Police still don't know if the initial exchange between Nasmeh and Harms' brother was a chance encounter at a strip mall or if Harms' brother actually followed him to confront him. The Sanchez family is grieving and asked that their privacy be respected.
Jess and Georgette Sanchez have talked to ABC7 in the past, but on Monday there is too much pain and the heartache includes a missed phone call. Newly-elected District Attorney Jeff Rosen says on Saturday afternoon his homicide supervisor tried to call the couple to tell them the office is still actively investigating the 2001 disappearance of their daughter Jeanine Harms.
But on Saturday night, hours after the call that rang and rang, with no answer, Wayne Sanchez gunned down the man he believed murdered his sister and then killed himself.

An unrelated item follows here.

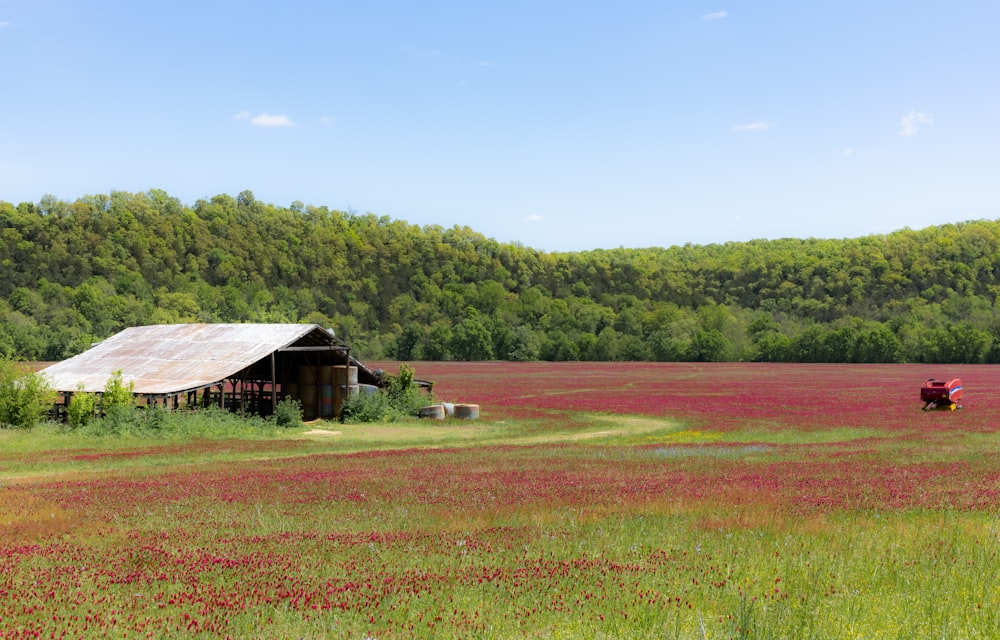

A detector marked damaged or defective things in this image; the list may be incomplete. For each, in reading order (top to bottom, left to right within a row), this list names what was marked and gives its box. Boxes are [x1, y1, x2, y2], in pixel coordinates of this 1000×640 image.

rusty metal roof [39, 324, 348, 396]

"When I found out on Sunday morning what had happened, I was very distraught and I wish that we'd been able to make contact with the family. We tried, we weren't able to and I don't know if that would have made a difference," said Rosen.
Wayne shot and killed Nasmeh at a Peet's Coffee and Tea shop in San Jose. Police believe Nasmeh was the last person to see Harms alive and her body has never been found. Police arrested Nasmeh in December 2004, but later released him because of questions surrounding fiber evidence in the case. For years the architect lived quietly in a San Jose house on East Hedding; his connection to the Harms mystery was unknown even to most neighbors.
"Now I've heard of the Harms case, but I didn't hear about him being involved in it or even know he was the person that was involved in it," said neighbor Chris Gausepohl.
Investigators who have worked to solve Harms' disappearance for nearly a decade are stunned at the tragic turn of events.
"Because of the events that took place in beginning in 2001, the Sanchez family have lost two children and now the Nasmeh family has lost one of theirs and so it is a terrible tragedy," said Los Gatos Sgt. Kerry Harris.
The district attorney says a rug missing from Harm's home and evidence found in Nasmeh's car are in the hands of the country's leading fiber expert in Illinois. He expects results within six months.
"If our findings are, we believe Maurice Nasmeh was the murderer, then the investigation will be closed. If our investigation goes in another direction, then we'll have further things to say," said Rosen.
Rosen says this is an active case. The evidence testing has been painfully slow and says the case has been made more difficult because Harms' body has never been found.